Your task -
Without any pictures, the records below should be reproduced exactly.

Records supplied -
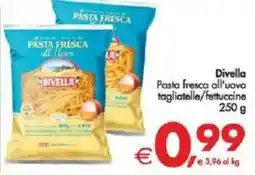 Deco Supermercati Divella Pasta fresca all'uovo tagliatelle/fettuccine offerta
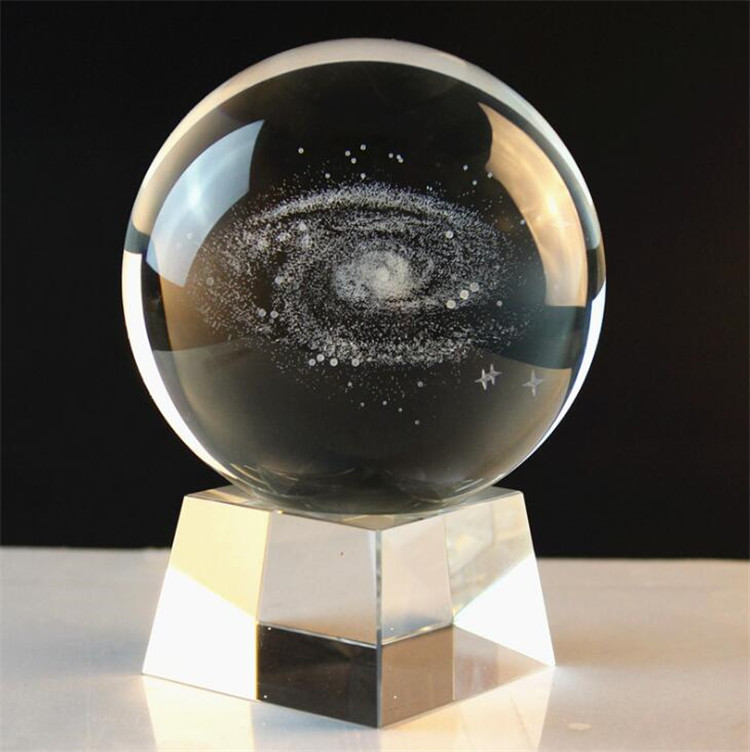 Hot-selling Crystal ball World Globe and Gold Base in Office High-end Gifts Pujiang Dexi Artware Co., Ltd.
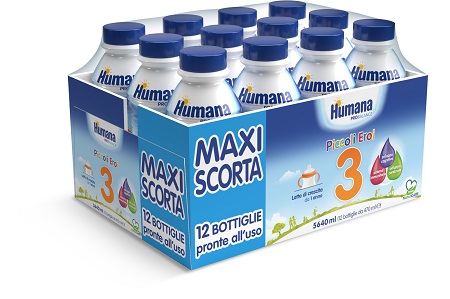 HUMANA 3 PROBALANCE MULTIPACK MAXI SCORTA 12 BOTTIGLIE DA 470 ML - doctorpill.it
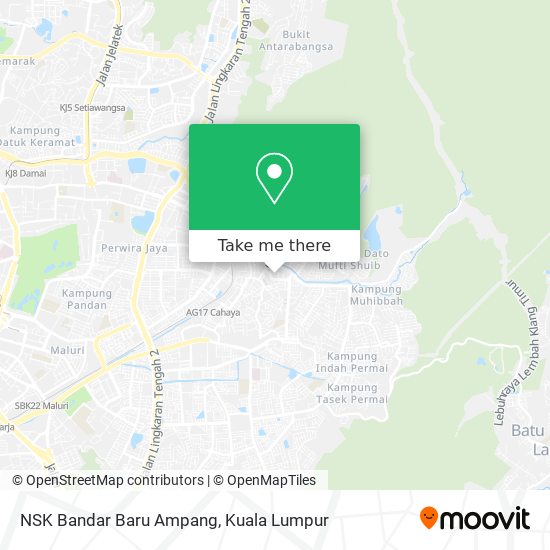 NSK Bandar Baru Ampang map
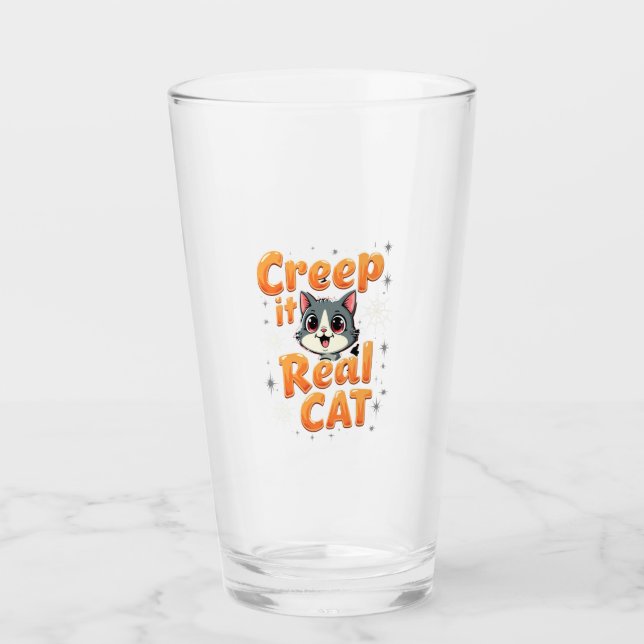 Kriech es echt Katze 2 Glas (Vorderseite)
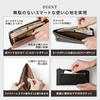 [HIRAMEKI.] Genuine Leather Wallet for Men and Women, L-Zip Long Wallet, Morris Classic, Slim, William Morris Art (Black)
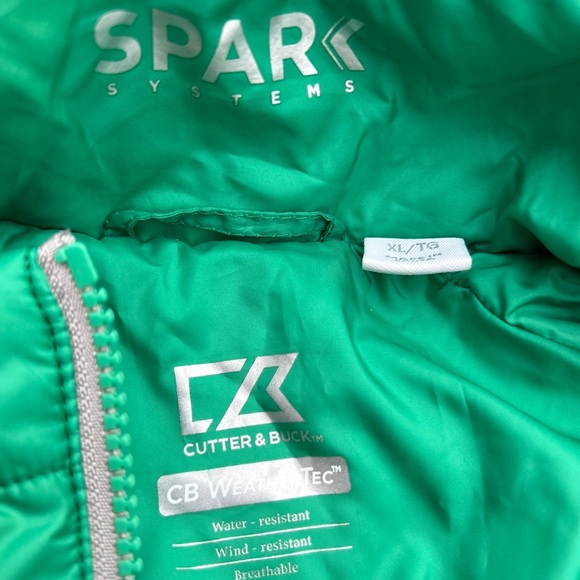 Cutter & Buck Men’s Spark System Packable Full Zip Quilted Green Jacket Size XL - Picture 4 of 7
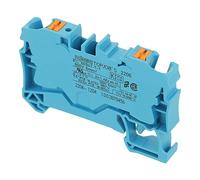 2206-1204 | WAGO 2-CONDUCTOR THROUGH TERMINAL BLOCK WITH PUSH-BUTTON 6 MM², BLUE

Answer box -
 Deco Supermercati Divella Pasta fresca all'uovo tagliatelle/fettuccine offerta
 Hot-selling Crystal ball World Globe and Gold Base in Office High-end Gifts Pujiang Dexi Artware Co., Ltd.
 HUMANA 3 PROBALANCE MULTIPACK MAXI SCORTA 12 BOTTIGLIE DA 470 ML - doctorpill.it
 NSK Bandar Baru Ampang map
 Kriech es echt Katze 2 Glas (Vorderseite)
 [HIRAMEKI.] Genuine Leather Wallet for Men and Women, L-Zip Long Wallet, Morris Classic, Slim, William Morris Art (Black)
 Cutter & Buck Men’s Spark System Packable Full Zip Quilted Green Jacket Size XL - Picture 4 of 7
 2206-1204 | WAGO 2-CONDUCTOR THROUGH TERMINAL BLOCK WITH PUSH-BUTTON 6 MM², BLUE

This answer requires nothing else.